Valérie Fayard (Emmaüs France): "Les plateformes de seconde main poussent à la surconsommation" #416

03/06/2022

La seconde main compte parmi les solutions adoptées par les Français pour réduire leur impact sur la planète. Mais cette alternative n’est pas sans conséquence sur l’activité de certaines associations caritatives comme Emmaüs, l’un des pionniers de l’occasion solidaire. Valérie Fayard, directrice générale déléguée d’Emmaüs France, revient sur les effets du déploiement de ces plateformes, que ce soit sur les dons ou la surconsommation.

Emmaüs est l’un des pionniers de la seconde main en France. Pouvez-vous revenir sur les origines de cette activité?

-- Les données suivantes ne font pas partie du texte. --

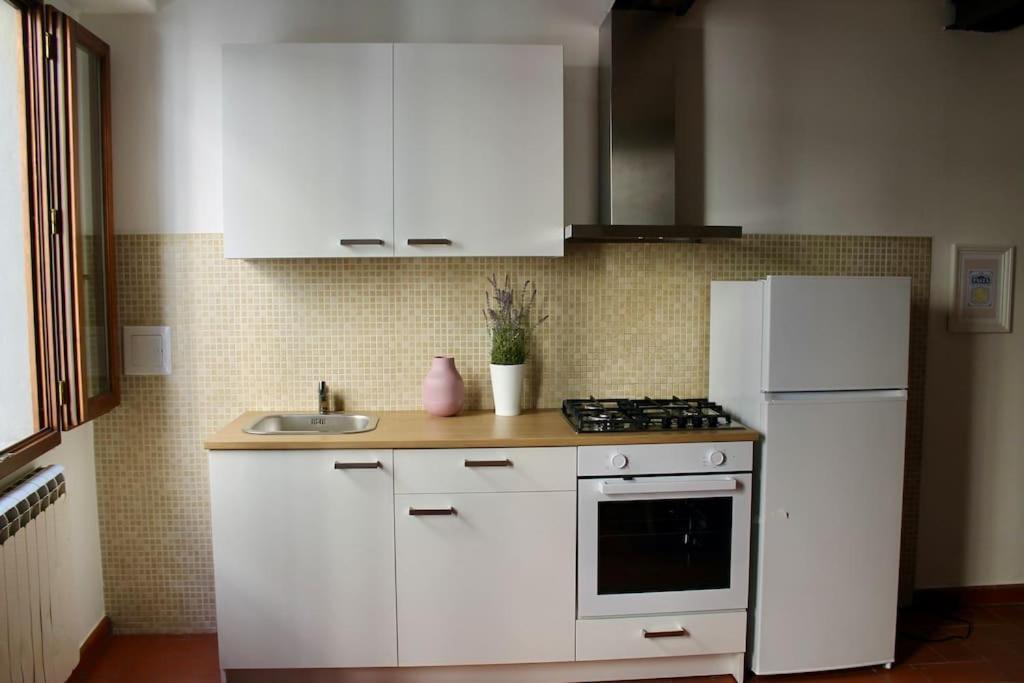 Cute Apartment Near Santa Croce フィレンツェ エクステリア 写真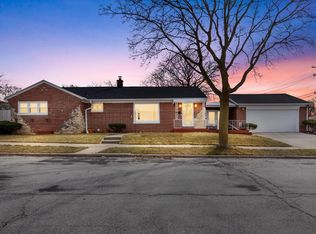 9301 W Auer Ave, Milwaukee, WI 53222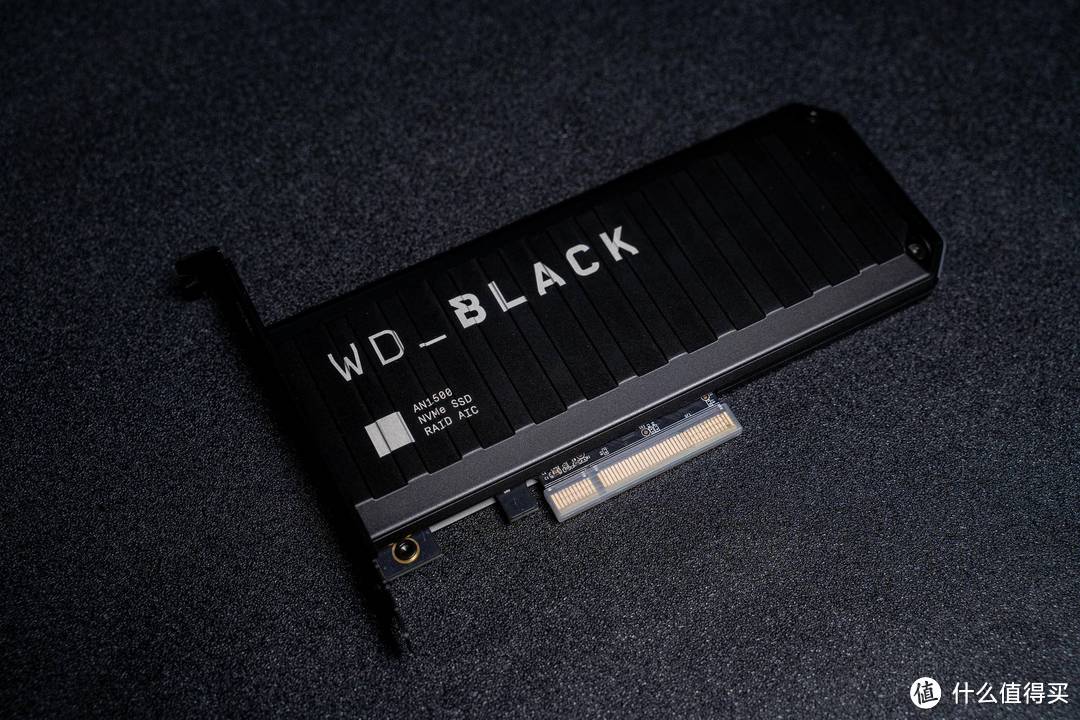 万物皆可RGB，极致性能WD_BLACK AN1500评测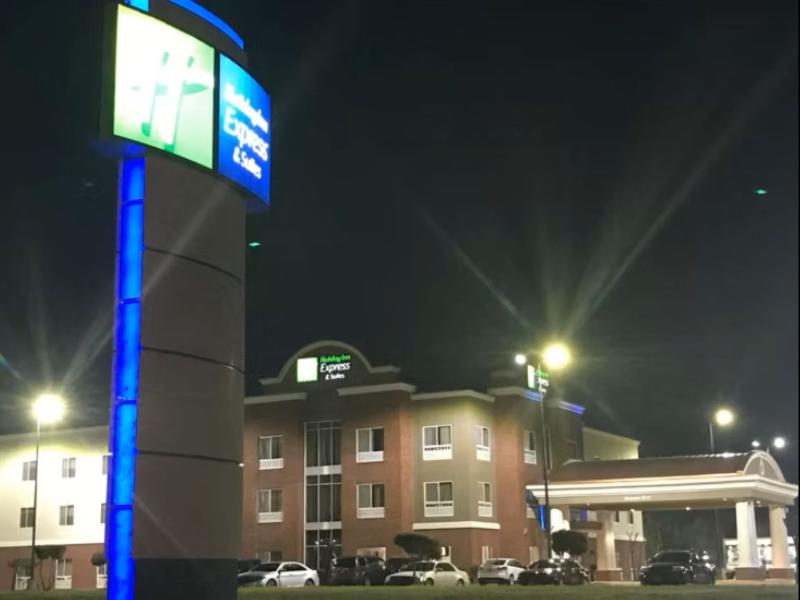 Holiday Inn Express Hotel & Suites Canton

Valérie Fayard : La récupération de produits d’occasion est un vecteur d’insertion pour des personnes qui sont exclues. Il s’agit d’une activité au service d’un projet social, et elle est donc fondamentale. Emmaüs est bien un précurseur puisque ce projet est né il y a 70 ans. Il est d’autant plus difficile d’observer les bouleversements qui s’opèrent aujourd’hui sur le marché de la seconde main. L’idée de base du mouvement Emmaüs est d’accueillir des gens en grande difficulté […].

Que représente la seconde main pour Emmaüs en termes de ressources et d’emplois? 

Valérie Fayard :La seconde main, c’est environ 200 millions d’euros de chiffres d’affaires par an, et c’est du travail pour environ 7.000 compagnons, et 8.000 salariés chaque année. Il est donc question de près de 15.000 personnes qui peuvent retrouver une place dans la société grâce à la récupération. C’est très important, d’autant plus que notre objectif est de permettre à ces personnes de retrouver autonomie et dignité à travers le travail.

Les études sont unanimes sur le fait que les Français se tournent progressivement vers les plateformes d’occasion. L’impact est-il positif ou négatif pour Emmaüs? 

Valérie Fayard : Dans l’absolu, c’est bien évidemment une bonne chose. Il vaut mieux acheter un T-shirt d’occasion qu’un T-shirt neuf, car les impacts environnementaux sont sans commune mesure. On est très contents que les Français adoptent ce réflexe, mais cela pose aussi certains problèmes. Certaines plateformes de seconde main, et elles ne s’en cachent pas, incitent les consommateurs à acheter des produits neufs en leur disant que s’ils ne conviennent pas, ils pourront les revendre facilement. Il s’agit clairement de les pousser à la surconsommation, et non à une consommation responsable. Le tout sous couvert d’économie circulaire. C’est devenu une frénésie pour certains, qui n’arrêtent plus d’acheter et de revendre. Dans ce cas, ce n’est pas forcément une bonne chose.

Est-ce qu’il y a également un impact sur les dons?

Valérie Fayard : Oui, bien sûr, c’est un vrai sujet pour Emmaüs. Le fonctionnement de notre modèle repose sur le don d’affaires – vêtements ou objets – de bonne qualité, car c’est précisément ce qui rapporte de l’argent. Si les gens se tournent en priorité vers les plateformes de seconde main, ils ne vont donner que ce qui n’aura pas été vendu, voire des affaires de mauvaise qualité. Chez Emmaüs, cela signifie que la part du recyclage va augmenter au détriment de la part du réemploi, et notre équilibre économique en sera forcément bouleversé.
Pour bien comprendre, il faut savoir que sur cent produits, soixante étaient réutilisés il y a 20 ans, le reste allant en recyclage. Aujourd’hui, seulement quarante-cinq produits sont réutilisés… C’est une baisse considérable, un réel bouleversement. Nous recevons désormais plus de dons, mais de mauvaise qualité. C’est terrible pour notre modèle, mais aussi sur le plan sociétal, car cela signifie que tout est marchandisé.